I am sitting at the kitchen table in tears. These tears I have been holding back for days, and I didn’t know why until now. I decided to go to Powerschool. I never do this. I used to do this. I used to be obsessed, and I had notifications, and I got a ding every single time something in Powerschool changed. It made me crazy. So, I quit looking at Powerschool, and my life as a parent improved. But today, I needed to contact my son’s counselor, so I went to PowerSchool to find out who his counselor was. And I saw his grades, and I cried. I balled my eyes out. I realized that all this emotion pent in me over the last few days was for my son.
He is a good kid. He is an intelligent kid. He knows himself, and he primarily makes good decisions for himself. Mostly, but not always. And I am good with that. He has always been a good student in the traditional sense- good attendance, does his work, turns in his work, doesn’t get into trouble. But that good student isn’t a good student if he is failing, right?
He has always been this kid who does his homework at school. In elementary school, he never brought work home. He just finished it in class when he had free time. So, last year while we were all at home, he refused to do work. He showed up online and attended class, but he refused to do the work because, as he put it, “I am at home, and I do not work at home.”
There are so many arguments we could have had about this, but I didn’t go there. I kind of admired this value, although somewhat misplaced for the times we were all in. We were ALL working from home.
Now he is at school, and he is also working two jobs. As we were driving to school today, he started complaining about his back. His back hurts from sitting at a desk all day. He stated, with huge frustration, that it was not normal to sit in a chair all day and have a few minutes to get up and move around, and the human body is not supposed to be in a chair all day. I kind of agree with this.
This kid of mine is usually self-motivated and driven. When he knows what he wants, he makes it happen. When he is was in about 1st or 2nd grade, he decided he wanted a bearded dragon. He got two paper routes, not one, but two. He worked for two years, saved his money, did his research, and came to be ready to get a bearded dragon. He made it happen. And he does this all the time. Once he makes up his mind, he does what needs to be done and accomplishes what he set out to do.
He also has a love of learning; well, he used to. Now he finds school to be irrelevant; it does not support him in his goals.
He wants to be a chef. And has been working towards that goal. He is working these two jobs to save money for a culinary school in Japan. I have no doubt he will succeed in this. He has secured himself an apprenticeship with a Japanese chef and is finding value in this work. He is learning and making connections to the future career he wants.
Then I saw his grades, and I cried. I didn’t cry because his grades suck; I cried because he is spending 5 days a week, 7 hours a day doing things that do not fuel his passion, that bring him no joy, things he knows have no value to him, and his goal.
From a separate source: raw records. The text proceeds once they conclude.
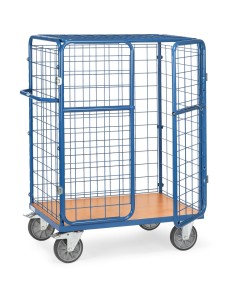 Chariot pour colis à portes battantes et toit 1000 x 600 mm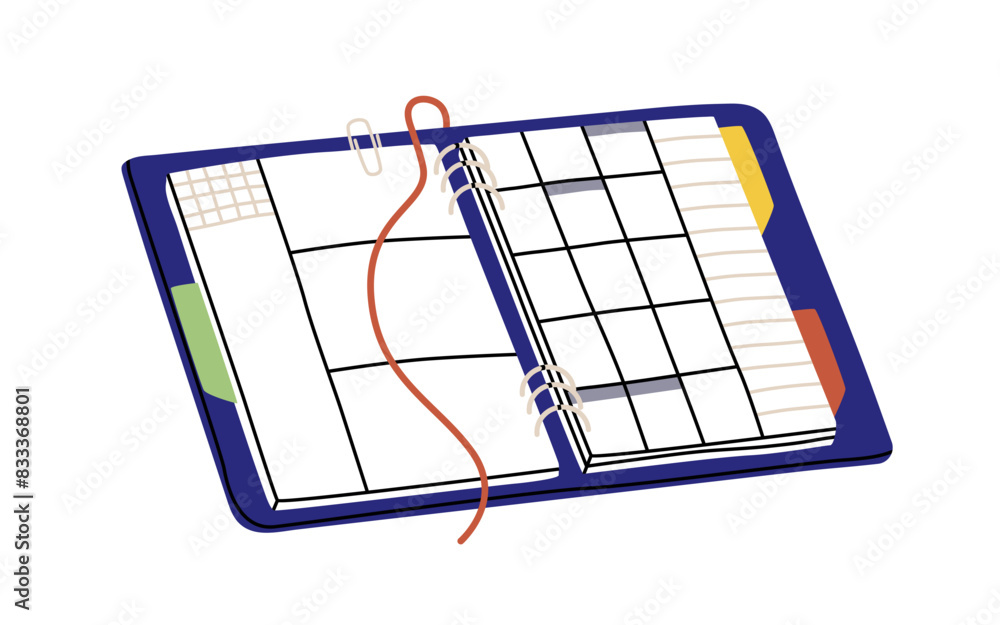 Poster planner, organizer with calendar. open notebook for scheduling, planning. diary with daily agenda. j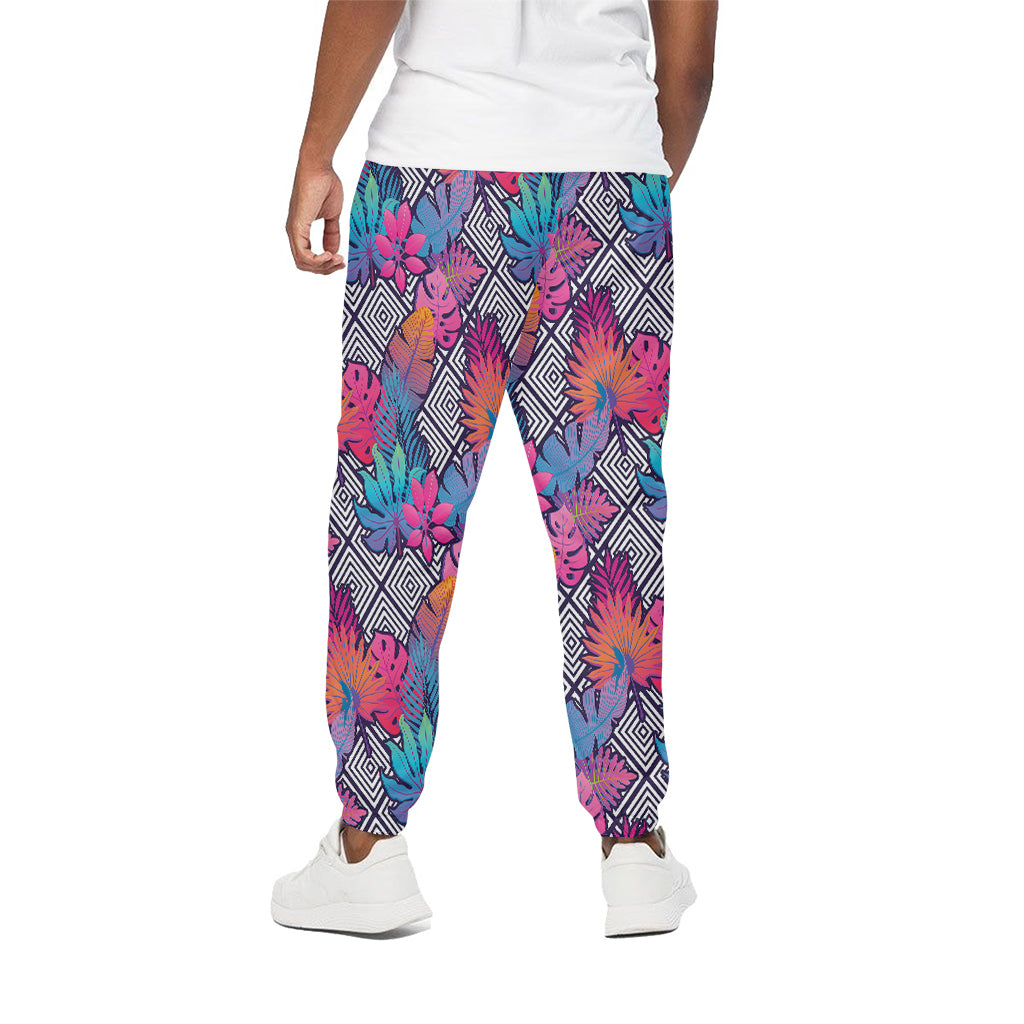 Psychedelic Tropical Aloha Pattern Print Cotton Pants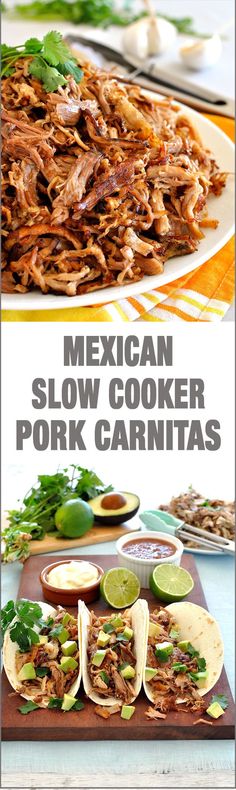 mexican slow cooker pork carnitass on a cutting board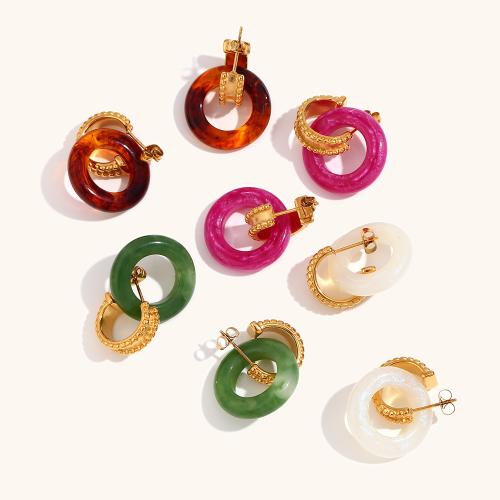 Stainless Steel Stud Earrings, 316L Stainless Steel, with Acrylic, Vacuum Ion Plating, for woman, more colors for choice, Sold By Pair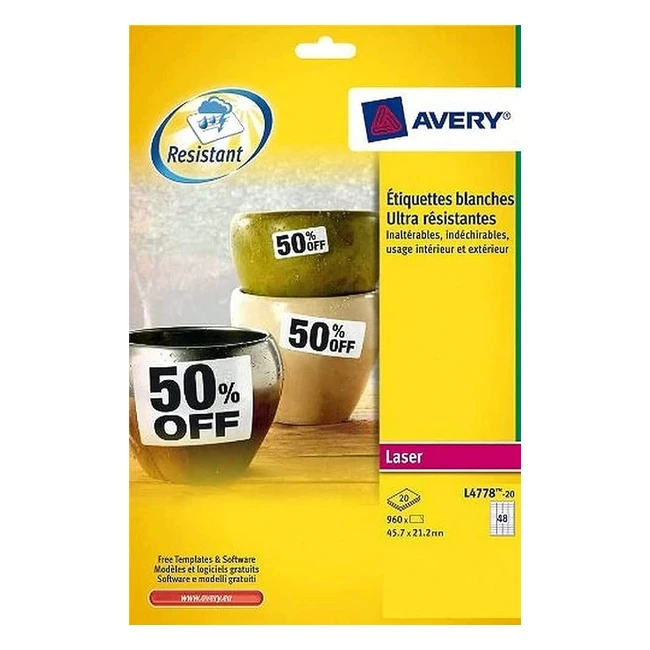 Avery L477820 Ultraresistant Labels - 960x 457x212mm White - Laser Printers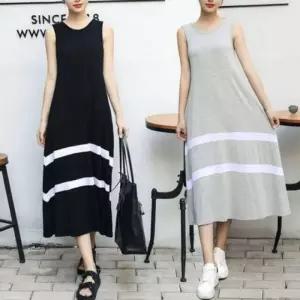 여성 민소매 원피스 통 외출 넓은 바캉스 이쁘다요 롱 간편 나들이 나시 패션 홈웨어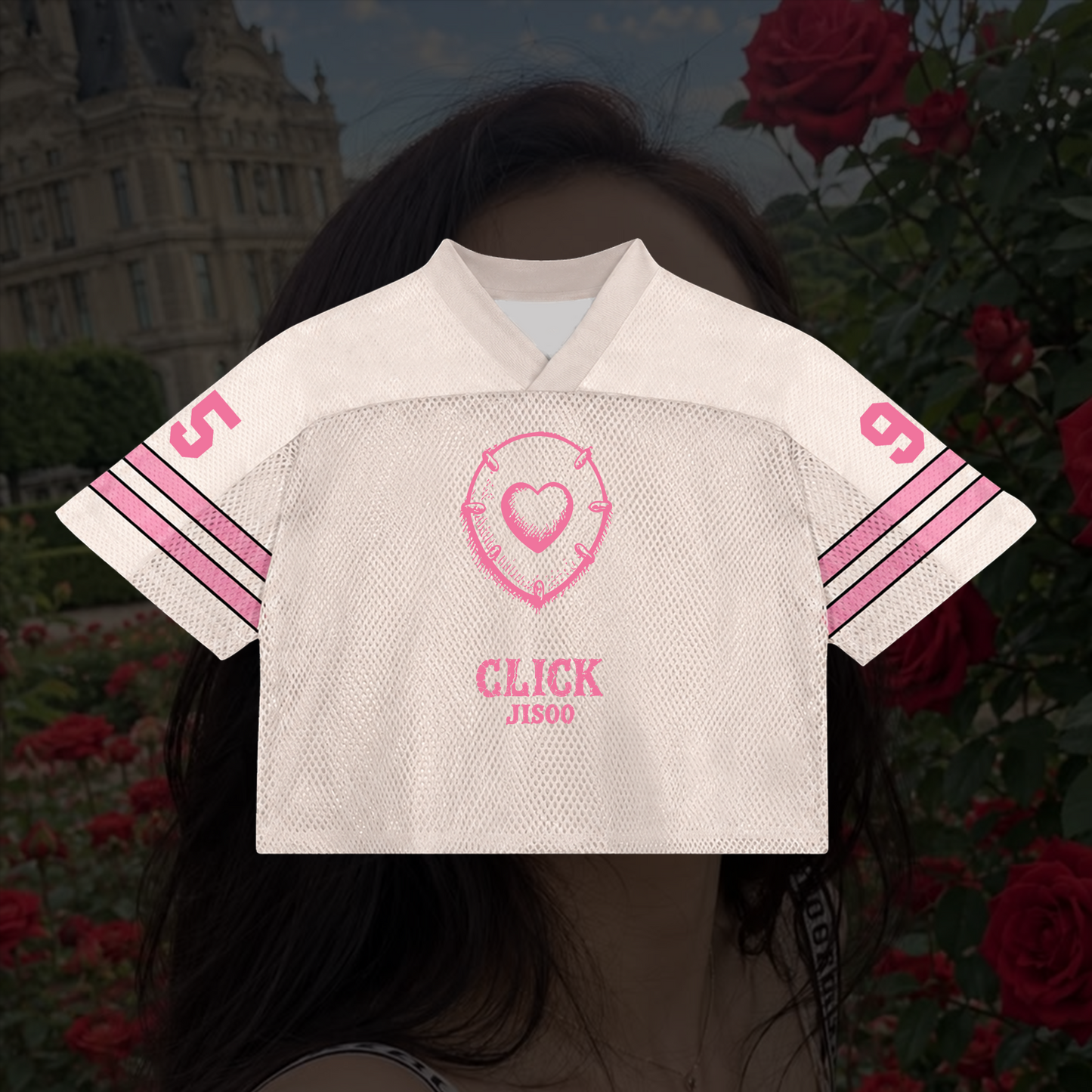 Jisoo Blackpink Mixed Mesh Jersey Click Pink White Shirt Fan Gifts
I cried because he sits in pain in classes that he knows are not helping him achieve his goal. I cried because I know he is an intelligent, capable student who can quickly learn. I cried because I know these F grades in Powerschool have no bearing on the human that he is, the dedication he has for his future, or for the knowledge he actually holds in his head. I cried because I know that he is in a system that values this compliance over the whole child. I cried because we exist in a system that places a high value on a number, percentage, or piece of paper(diploma) to define a child’s worth.
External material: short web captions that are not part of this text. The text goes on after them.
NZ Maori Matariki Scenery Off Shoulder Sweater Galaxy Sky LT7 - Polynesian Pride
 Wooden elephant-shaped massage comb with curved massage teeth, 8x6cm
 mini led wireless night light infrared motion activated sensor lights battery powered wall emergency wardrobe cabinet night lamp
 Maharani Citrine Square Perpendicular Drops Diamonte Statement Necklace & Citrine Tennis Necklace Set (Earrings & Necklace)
The only thing these grades show me is that my son is refusing to be compliant.
Compliance…that is what he is being graded on. He is smart. He is a capable learner. As long as he has been on this planet, he has had a love of learning. He learned to search and discover and was curious. Only once in all his years of education has he come home excited and said, “I gotta tell you what I learn today!”
How many other parents feel this way? Am I alone? I have a quick, intelligent son who has a thirst for knowledge and goes to a place every day where he does not find relevance in what is being taught yet learns it. Yet, he is failing because he won’t do the work. And it is just busywork. Busywork. But that is another topic for another day.
My tears today are for my son and his youth and any kid who is suffering. For all the kids that show up, sit down, and do what they are supposed to do, yet find no meaning in their day. I am crying for the kids that bring other things into the room, such as physical or emotional pain, apathy, loneliness, or lack of connection to who they are or what they want. Why are we still defining our youth by percentages, by the amount of work done? Why are we still using a system that is teacher-directed rather than student-driven? Why are we still using compliance to grade a kid?
I don’t want my son to sit in a chair, in pain, finding no meaning in his day. I don’t want my kid to spend 35 hours a week doing things that lack value for him. I do not want my son to have to do homework after already attending 35 hours of school. I do not want my son to follow someone else’s version of what his success looks like. He is still young and should be finding joy in his life now.
Never in my life did I ever think that I would encourage my son to drop out of school, but I think I will for his sake.